▶ Work to be completed: Every record below must be written out exactly. Leave out the pictures.
++++++++
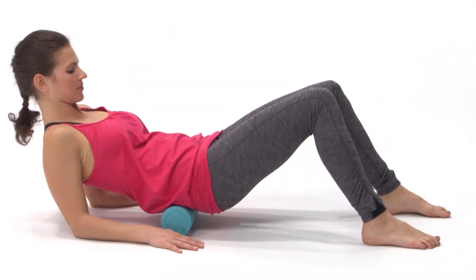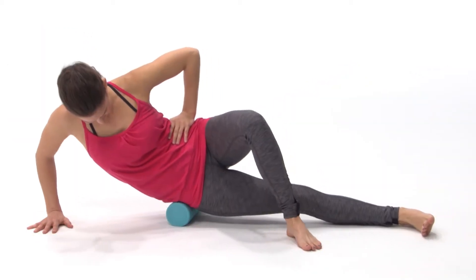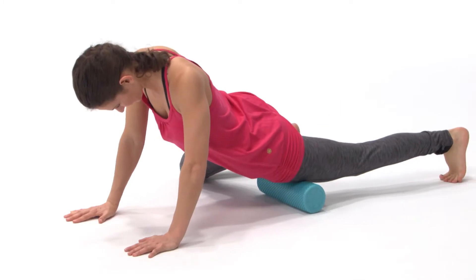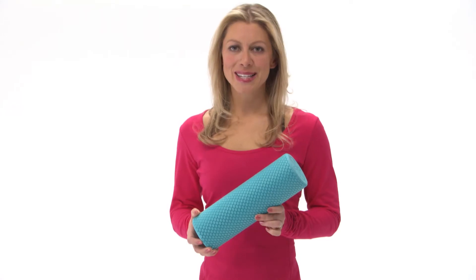The light texture provides non-slip performance and increased massage properties. The roller's compact size allows you to work smaller regions or isolate certain muscle groups. It's also great for tossing in your gym bag, suitcase, or car. Take relief with you wherever you go with the Guyam Restore Compact Foam Roller.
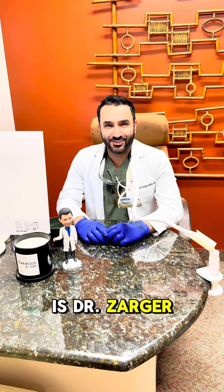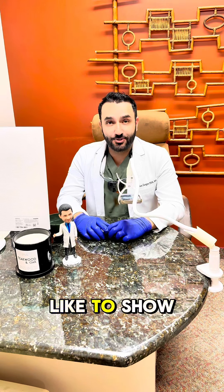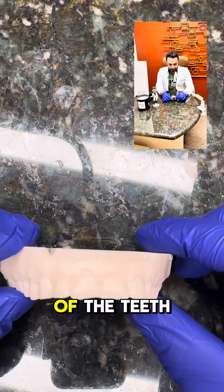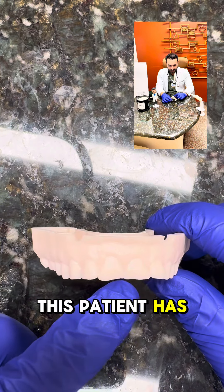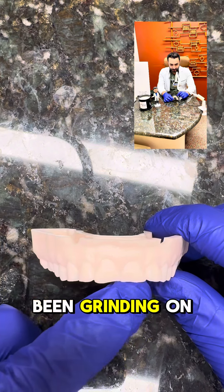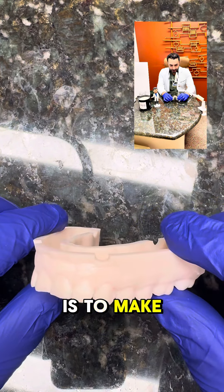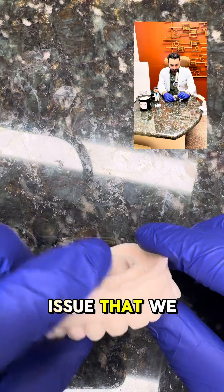Hi everyone, this is Dr. Zargar at Potomac Dental and Implant Center. Today I would like to show you the type of night guard that we make here. This is a 3D printed model of the teeth. Look at the teeth — this patient has short and flat front teeth. That tells me the patient has been grinding on their teeth for a while. So the first step to fix this issue is to make a night guard perfectly fit for the type of issue that we have here.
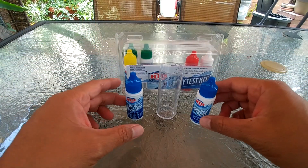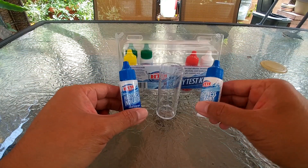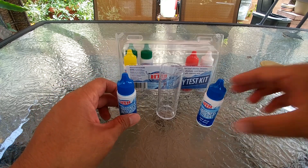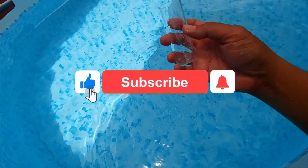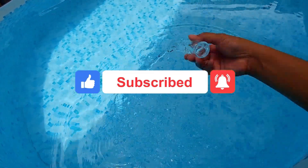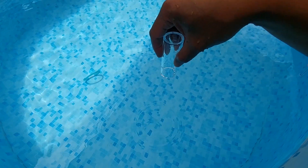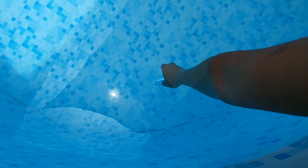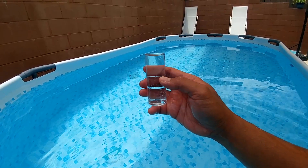For this video I'm going to show you how to test the total hardness in your pool water using the HTH six-way test kit. To test for hardness you want to fill this to 25 ml. What I do is I clean it first and then I put it under upside down so that it creates an air pocket at elbow length, and then you lift it back up.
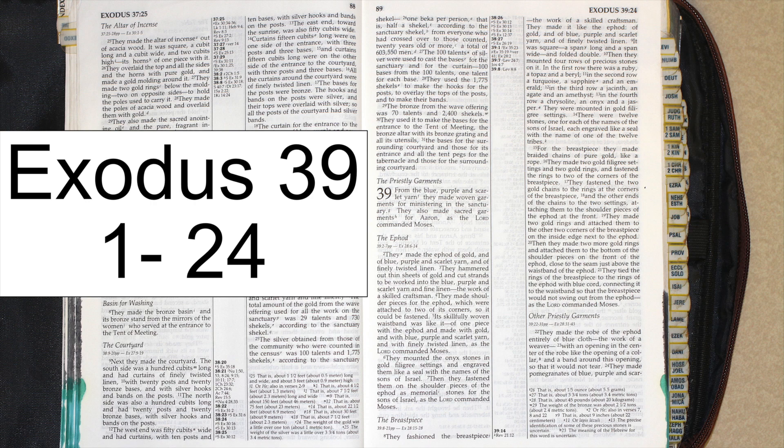Exodus chapter 39. The Priestly Garments. From the blue, purple, and scarlet yarn, they made woven garments for ministering in the sanctuary. They also made sacred garments for Aaron, as the Lord commanded Moses.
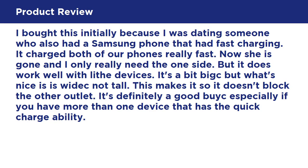I bought this initially because I was dating someone who also had a Samsung phone with fast charging — it charged both of our phones really fast. Now she is gone and I only really need one side, but it does work well with multiple devices. It's a bit big, but what's nice is it's wide, not tall, so it doesn't block the other outlet. It's definitely a good buy, especially if you have more than one device with Quick Charge ability.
++++++++
▶ Your solution:
The light texture provides non-slip performance and increased massage properties. The roller's compact size allows you to work smaller regions or isolate certain muscle groups. It's also great for tossing in your gym bag, suitcase, or car. Take relief with you wherever you go with the Guyam Restore Compact Foam Roller.
Hi everyone, this is Dr. Zargar at Potomac Dental and Implant Center. Today I would like to show you the type of night guard that we make here. This is a 3D printed model of the teeth. Look at the teeth — this patient has short and flat front teeth. That tells me the patient has been grinding on their teeth for a while. So the first step to fix this issue is to make a night guard perfectly fit for the type of issue that we have here.
For this video I'm going to show you how to test the total hardness in your pool water using the HTH six-way test kit. To test for hardness you want to fill this to 25 ml. What I do is I clean it first and then I put it under upside down so that it creates an air pocket at elbow length, and then you lift it back up.
Exodus chapter 39. The Priestly Garments. From the blue, purple, and scarlet yarn, they made woven garments for ministering in the sanctuary. They also made sacred garments for Aaron, as the Lord commanded Moses.
I bought this initially because I was dating someone who also had a Samsung phone with fast charging — it charged both of our phones really fast. Now she is gone and I only really need one side, but it does work well with multiple devices. It's a bit big, but what's nice is it's wide, not tall, so it doesn't block the other outlet. It's definitely a good buy, especially if you have more than one device with Quick Charge ability.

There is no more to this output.